Веды без конца конструировали всякие приборы для своих наблюдений. Увеличивающие приборы и уменьшающие. Освещающие и проникающие. Фотографирующие, сканирующие, регистрирующие и анализирующие. И с помощью одного из наиновейших своих приборов они вдруг заметили чужой прибор, направленный прямо на них, ведов.
А это были логи.
Может быть, логи были гораздо меньше ведов. Может быть – гораздо больше. Может быть, они были похожими на них, ведов, или на нас, людей. Может быть – совершенно другими. Нам это неизвестно.
Зато все эти подробности, да и всякие другие, очень заинтересовали ведов. Ведь они ужасно любили всё изучать, исследовать и наблюдать. И они все свои силы направили на изучение логов.
Оказалось, что логи тоже обожали заниматься исследованиями, изучениями и наблюдениями. И тоже конструировали разные приборы для своих наблюдений. С помощью одного из наиновейших своих приборов они и обнаружили ведов. И все силы направили на их изучение.

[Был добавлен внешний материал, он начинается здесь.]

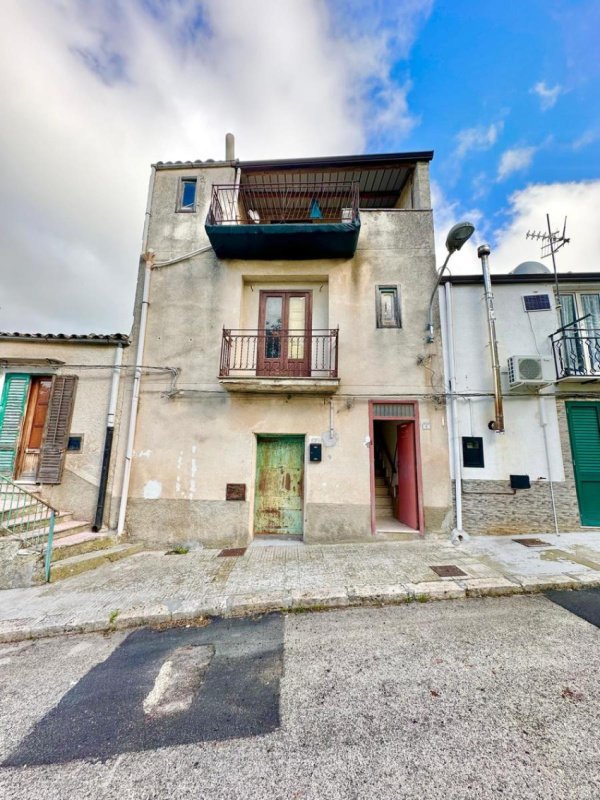 Detached house in Chiusa Sclafani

Веды прямо прыгали от восторга (если, конечно, они были существами, способными прыгать). Ещё бы! Им предоставилась потрясающая возможность: наблюдать своих наблюдателей!…

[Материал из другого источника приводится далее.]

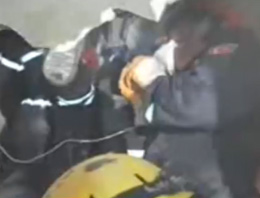 Enkaz altındandan ilk görüntüler!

Замирали от радости и сердца логов (если, конечно, они обладали сердечно-сосудистой системой). Ну как же! Впервые они исследовали своих исследователей!…
С тех пор каждый из ведов, стоило ему закончить школу (если, конечно, у них было то, что мы называем школами), стремился только к одному: стать логоведом.

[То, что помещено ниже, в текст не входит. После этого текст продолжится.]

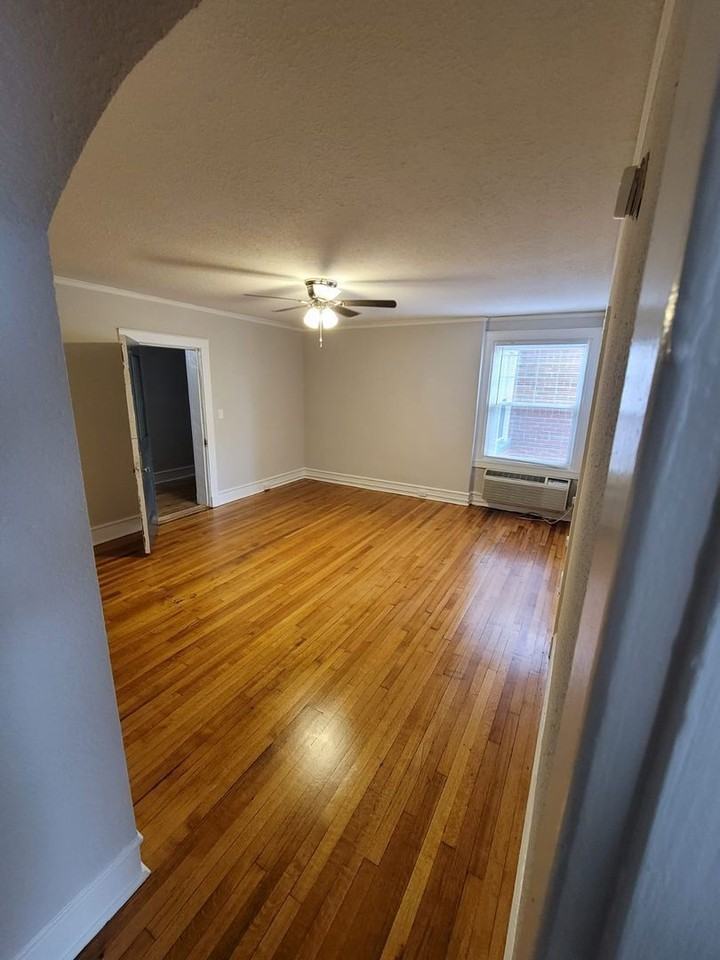 2400 Barton Ave #10 - Photo 4 of 12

Да и у логов в институтах (если, конечно, у них было то, что мы называем институтами) все предметы были частями одной общей науки: ведологии.
Вот и всё, что нам, людям, известно о ведах, о логах и об их предыстории.
Комментарии и схемы
Учение, в основе которого лежит внутренняя работа личности, не могло бы пережить саму эту личность без приливов новой внутренней работы новых личностей. Тех, кто увидел для себя особый смысл в этом учении. Меняются условия существования, приходит новый опыт, частично утрачивается старый, развиваются навыки восприятия – и нужны всё новые усилия, помогающие по-новому понять старое. Потому что по-старому понять старое постепенно становится невозможным.
Эту работу постоянного обновления, поддерживающего жизнедеятельность учения, можно обобщённо назвать традицией комментариев. Особенное значение придаёт этой традиции восточное мышление, и многие совершенно оригинальные мыслители, подчёркивая преемственность мысли, все свои труды строили именно в виде комментариев к древним книгам или комментариев к комментариям. Но от этого их философия вовсе не превращалась в философоведение.
Читатель заметил, наверное, что автор так ценит комментарии, что не стесняется комментировать сам себя. Репликами вроде этой.
Подлинные, оживляющие учение комментарии всегда направлены на то, чтобы дать пробиться сути учения к сегодняшним его последователям, дать им возможность не только почитать учение, но и практически использовать его. Без этой подпитки древо учения засыхает и годится уже разве лишь на то, чтобы мастерить из него увесистые дубинки для дискуссий с оппонентами.
Обидно, что многим как раз это и нужно.
Комментарии философоведения взирают на учение сверху. Они тщательно и педантично стараются прежде всего зафиксировать учение – как энтомолог бережно умертвляет бабочку, как ботаник аккуратно засушивает растение, как физик подменяет морскую волну гидродинамической формулой.
Комментатор-философ возобновляет эстафету мысли. Комментатор-философовед регистрирует, схематизирует, классифицирует.